NMDA receptor encephalitis

What is NMDA receptor encephalitis? 

Anti-NMDA receptor encephalitis was first described in 2007 as a syndrome of memory problems and confusion, psychiatric symptoms, seizures, hallucinations and movement disorders in four young women with ovarian teratomas (3). Since that time, there have been many causes reported in children, as well as, young to middle age adults including men and women without an underlying tumor. This syndrome is often diagnosed based on the presentation of rapid onset of abnormal or psychiatric behavior, speech dysfunction, seizures, abnormal movements, decreased level of consciousness and/or autonomic dysfunction. Diagnostic testing often includes a lumbar puncture, brain imaging (MRI), and electroencephalogram (EEG). Patients often have evidence of inflammation in their CSF and the diagnosis is confirmed when patients are found to have a positive NMDA receptor antibody in the CSF.

Neuroimmunology Nuggets: Anti-NMDA-R Encephalitis

What are the symptoms?

Anti-NMDA receptor encephalitis patients may have a flu-like illness before the onset of psychosis, hallucinations, memory problems and many times seizure and abnormal movements.  Untreated, patients can eventually develop respiratory failure and coma. Overall patients typically respond well to immunotherapy and should be treated rapidly. Sometimes, depending on severity, it can take a longtime to slowly recover.

What are the treatment options?

Immunosuppressive therapies used in the treatment of anti-NMDA receptor encephalitis. First-line therapies include intravenous steroids, intravenous immunoglobulin (IVIg), or plasma exchange. Second-line therapies often include off use label of rituximab and/or cyclophosphamide.
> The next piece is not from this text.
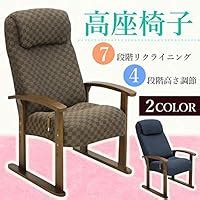 椅子座|Amazon.co.jp 売れ筋ランキング: 座椅子 の中で最も人気のある。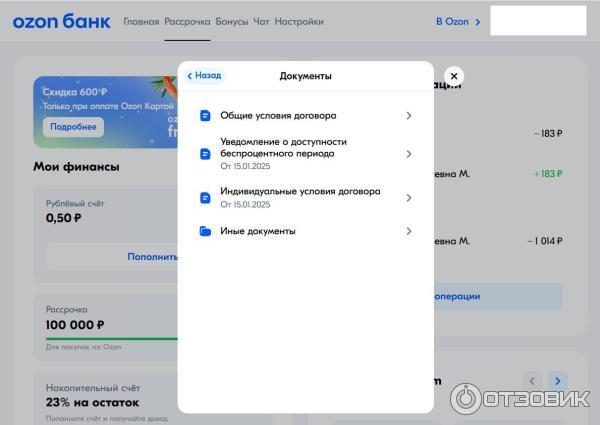 Рассрочка в банке Ozon фото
Rapid diagnosis and early treatment is essential in the treatment of autoimmune neurological disease, particularly in the setting of cell-surface antibody-mediated encephalitis such as NMDA receptor encephalitis. Treatment approaches are largely based on expert opinion and retrospective studies currently, as there is a strong need for future research with prospective trials (4). There are no randomized, prospective clinical trials in the treatment of anti-NMDA receptor autoimmune encephalitis currently.
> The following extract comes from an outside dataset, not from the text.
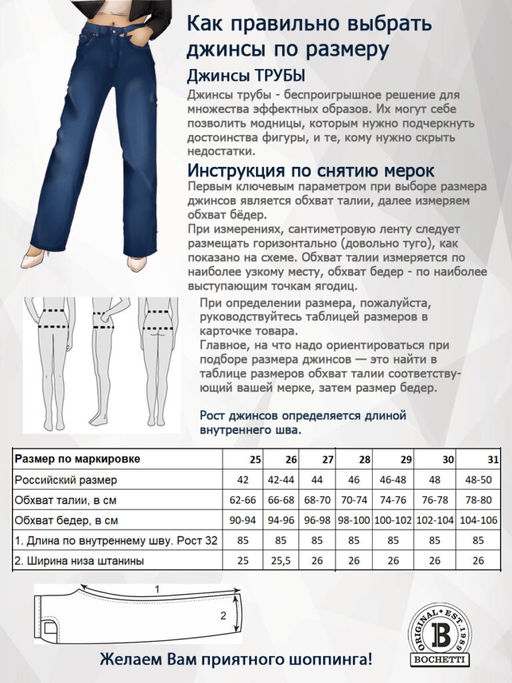 Джинсы женские черные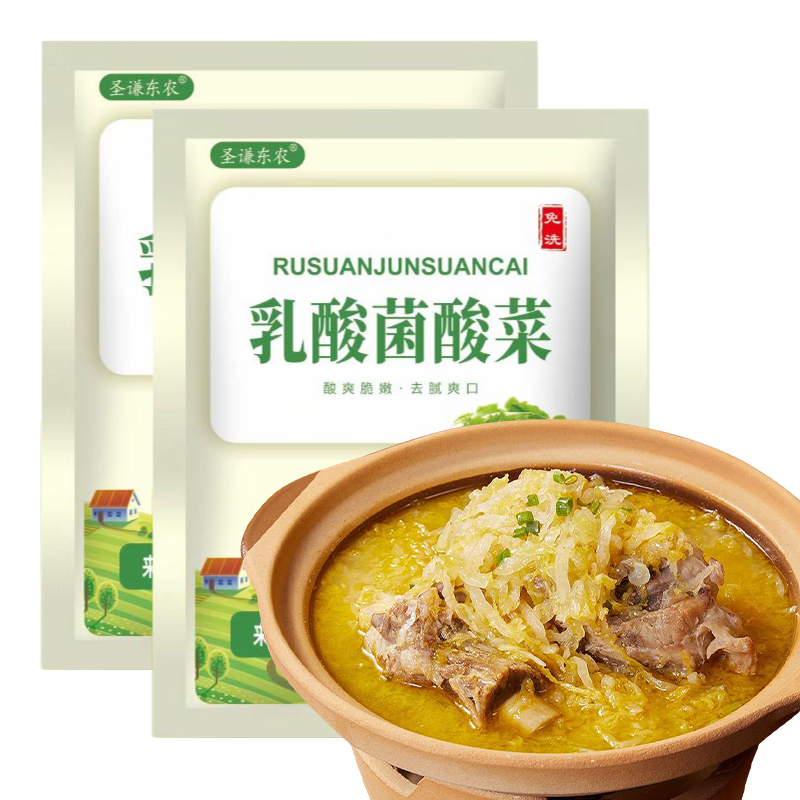 无添加乳酸菌酸菜，精选菜心100g*2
Figure from: Piquet AL, Linnoila J. Surface Antibody-Mediated Autoimmune Encephalitis . In: Neurorheumatology. Cho TA, Bhattacharyya S, Helfgott S, editors. New York: Springer Publishing Company; 2019. Imaging Courtesy of Otto Rapalino, MD.
Positive NMDA-R antibody test in cerebrospinal fluid.

LGI1 autoimmune encephalitis

What is LGI1 autoimmune encephalitis?

LGI1 autoimmune encephalitis is a rare antibody-mediated autoimmune encephalitis (5). It is likely to be the second most common form of antibody-mediated autoimmune encephalitis after NMDA receptor encephalitis. It often causes a limbic encephalitis which is an inflammatory process of the limbic system and temporal lobe of the brain which is a vital part involved in forming memories and emotions.  Individuals with this condition have severe short-term memory problems and often seizures with characteristic changes of inflammation in the temporal lobes seen on the brain MRI. Some individuals develop a distinct seizure pattern called faciobrachial dystonic seizures either before or at the onset of the limbic encephalitis and can provide a clue to the diagnosis.
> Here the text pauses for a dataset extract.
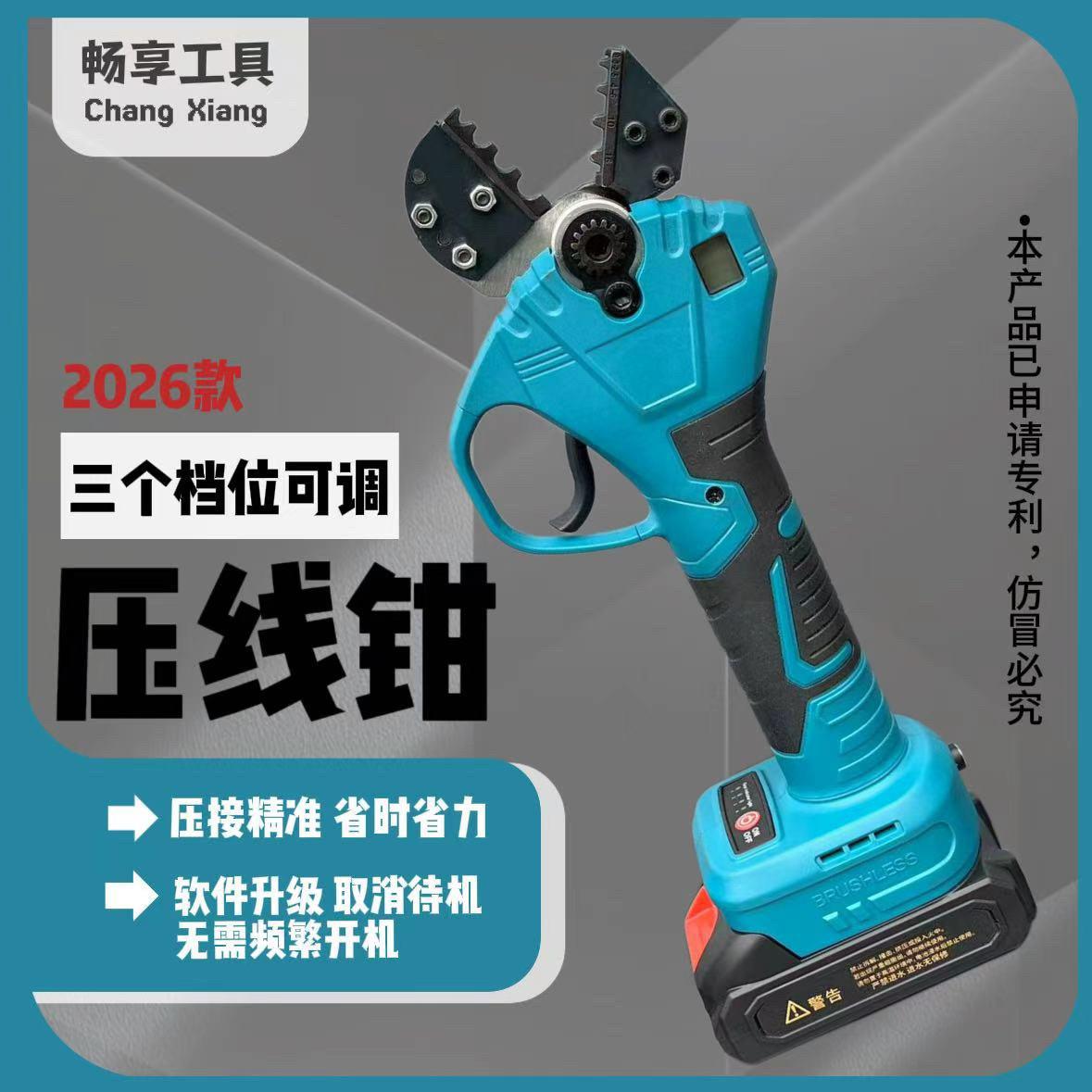 电动压接钳充电式冷迷你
What are the treatment options?

Similar to Anti-NMDA receptor encephalitis, immunosuppressive therapies used in the treatment of LGI autoimmune encephalitis.  There are no randomized, prospective clinical trials in the treatment of LGI autoimmune encephalitis.

Neuroimmunology Nuggets: LGI1 Encephalitis

Autoimmune Epilepsy

What is Autoimmune Epilepsy? 

Autoimmune epilepsy can be caused by the same class of antibodies seen in encephalitis, however seizures predominate the clinical presentation. Often seizures come on rapidly and are severe and refractory to standard anti-seizure medications (6) (7).

What are the treatment options?

Treatment approaches are similar to autoimmune encephalitis with the use of immune therapies.  First-line therapies include intravenous steroids, intravenous immunoglobulin (IVIg), or plasma exchange. Second-line therapies often include off use label of rituximab, mycophenolate mofetil, or azathioprine. Again, there are no randomized, prospective clinical trials in the treatment of autoimmune epilepsy.